Today’s Re-imagine & Renovate project not only showcases a new fabric spin, it also features step-by-step notes to create a variation on the corner accent treatment, and it emphasizes a great idea from the original tutorial: two layers. A plain fringed underlay and a patterned flat overlay. By making the underlay from a neutral fabric (we used an off-white linen) in a simple fringed design, you can reuse it over and over with new overlays. It’s a fast way to change out the look to match the season or a holiday celebration. Plus, the narrower overlay can be made from standard width fabrics. We added a set of matching napkins in the accent fabric. 

Our tablecloth overlay was made to fit the same 97″ x 40″ table we used for the original project. The instructions (see the link below) show you how to figure your own custom sizing for both the fringed underlay as well as the overlay.
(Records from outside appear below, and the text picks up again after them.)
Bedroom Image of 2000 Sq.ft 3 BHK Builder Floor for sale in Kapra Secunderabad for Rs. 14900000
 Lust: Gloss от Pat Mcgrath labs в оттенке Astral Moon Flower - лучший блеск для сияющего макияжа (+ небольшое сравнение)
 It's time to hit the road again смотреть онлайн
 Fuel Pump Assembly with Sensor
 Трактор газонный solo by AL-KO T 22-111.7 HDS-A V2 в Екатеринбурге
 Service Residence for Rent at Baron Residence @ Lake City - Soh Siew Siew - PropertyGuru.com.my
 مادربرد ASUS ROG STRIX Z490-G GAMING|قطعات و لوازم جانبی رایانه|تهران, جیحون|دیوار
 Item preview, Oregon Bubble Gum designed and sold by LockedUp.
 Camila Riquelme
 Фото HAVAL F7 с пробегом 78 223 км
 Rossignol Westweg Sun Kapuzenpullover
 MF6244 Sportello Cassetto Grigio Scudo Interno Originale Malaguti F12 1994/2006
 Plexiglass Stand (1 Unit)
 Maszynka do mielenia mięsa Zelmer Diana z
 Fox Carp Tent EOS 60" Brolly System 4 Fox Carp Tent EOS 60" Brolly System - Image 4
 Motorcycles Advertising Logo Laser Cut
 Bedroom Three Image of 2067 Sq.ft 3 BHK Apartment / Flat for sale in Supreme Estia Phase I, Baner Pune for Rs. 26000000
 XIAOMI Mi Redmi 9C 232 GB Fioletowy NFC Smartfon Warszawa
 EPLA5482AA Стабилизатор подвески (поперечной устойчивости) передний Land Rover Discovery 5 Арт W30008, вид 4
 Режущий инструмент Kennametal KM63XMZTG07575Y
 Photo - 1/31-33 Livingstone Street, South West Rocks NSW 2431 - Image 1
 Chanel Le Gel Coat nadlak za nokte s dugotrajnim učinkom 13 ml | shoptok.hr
As you can see from the photo above, the overlay is designed to fit flat on the tabletop, with just a bit of reveal all around, and the “accented corner drops” are a subtle depth. 

All the dimensions are under your control, so you could certainly go wider and deeper. Just realize that if you go too much wider, you will need to seam together panels in order to go beyond a standard 44-45” fabric width. If you make this choice, check out our tutorial about how to seam together large panels so they look great and seam visibility is minimized: Joining Fabric Widths to Make an Extra Wide Panel.

A big thanks to our friends at FreeSpirit Fabrics for providing the beautiful fabric from the Flea Market Fancy Legacy Collection by Denyse Schmidt, which was a Spring 2012 fabric debut.

For our base panel, we used 2¾ yards of Flea Market Fancy Legacy in Bouquet Gray.

Four our four accent corners and four matching napkins, we used 1½ yards of Flea Market Fancy Legacy in Medallion Orange

We found Flea Market Fancy Legacy at these S4H Marketplace vendors:

Fashionable Fabrics

At Your Sewing Machine & Ironing Board

  1. The corner drops were done using a standard quilting technique. 
  2. Cut the base tablecloth panels as a full piece; in other words, do not notch out the corners. 
  3. From the accent fabric cut FOUR 10” x 10” squares.
  4. Place one square in one corner of the tablecloth, right sides together, aligning the outside raw edges.
  5. Using a clear ruler and marking pen or pencil, draw a diagonal line across the square, from corner to corner. 
  6. Stitch along the marked line. 
  7. Using a clear ruler and rotary cutter, trim away the lower corner of the square (both layers), ⅜” from the seam
  8. Fold the triangle down into place and press the seam allowance together and toward the main table cloth.
  9. Topstitch ¼” from the seam line. We used a contrasting gray thread against our mostly orange fabric to match with the gray of the main panel. 
  10. Repeat to create the accent drop triangle in the remaining three corners. 
  11. Hem the entire panel with a ¾” double turn hem with neat corners. 
  12. Edgestitch the hem in place all around.
  13. If you are new to hemming or these clever corners, check out these two tutorials:
    Quarter Inch Double-Turn Clean Finished Corner
    How to Make a Simple Hem
  14. The set of matching napkins are made using the same hemming technique but with a simple ¼” double turn hem.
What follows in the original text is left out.